### Work order
Omit the pictures and return exactly the stretch of the material below from the line with "A timelapse of" through the line with "Slip sexy da".

### Data extract
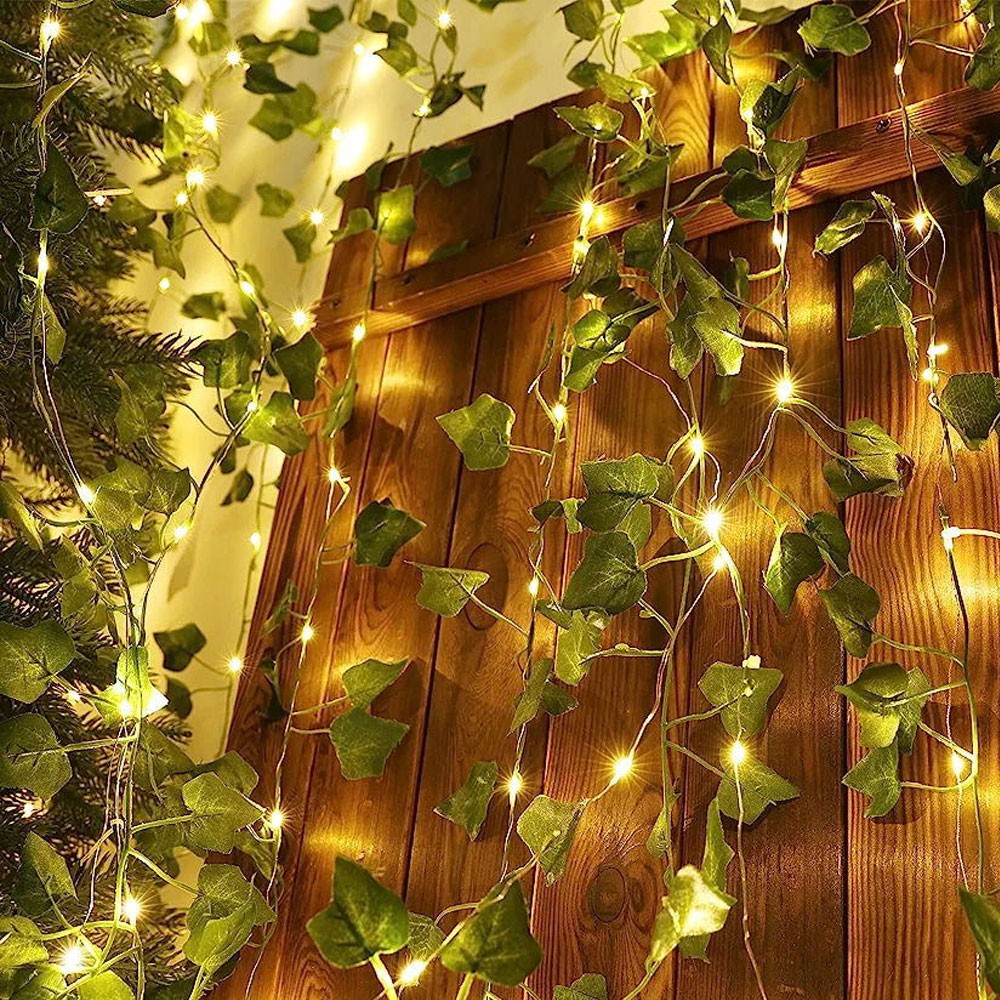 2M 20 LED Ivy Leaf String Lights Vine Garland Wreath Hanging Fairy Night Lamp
...
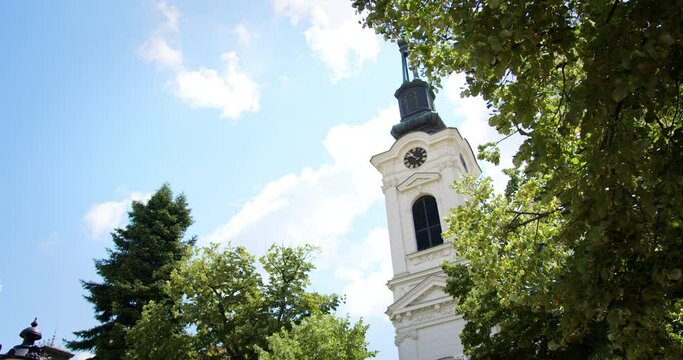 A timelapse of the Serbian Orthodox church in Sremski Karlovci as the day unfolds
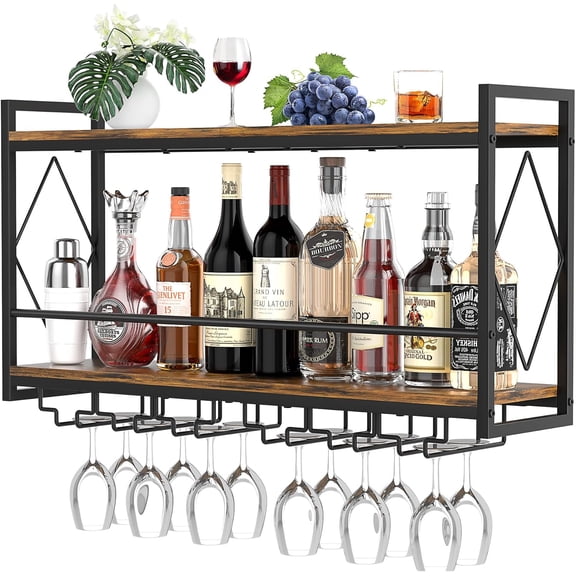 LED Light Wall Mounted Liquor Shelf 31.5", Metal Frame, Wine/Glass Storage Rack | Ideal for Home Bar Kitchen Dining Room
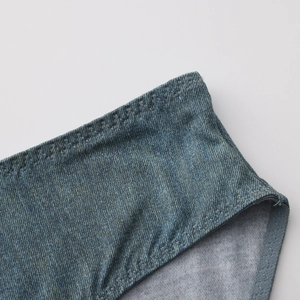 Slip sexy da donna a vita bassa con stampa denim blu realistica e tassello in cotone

### Result
 A timelapse of the Serbian Orthodox church in Sremski Karlovci as the day unfolds
 LED Light Wall Mounted Liquor Shelf 31.5", Metal Frame, Wine/Glass Storage Rack | Ideal for Home Bar Kitchen Dining Room
 Slip sexy da donna a vita bassa con stampa denim blu realistica e tassello in cotone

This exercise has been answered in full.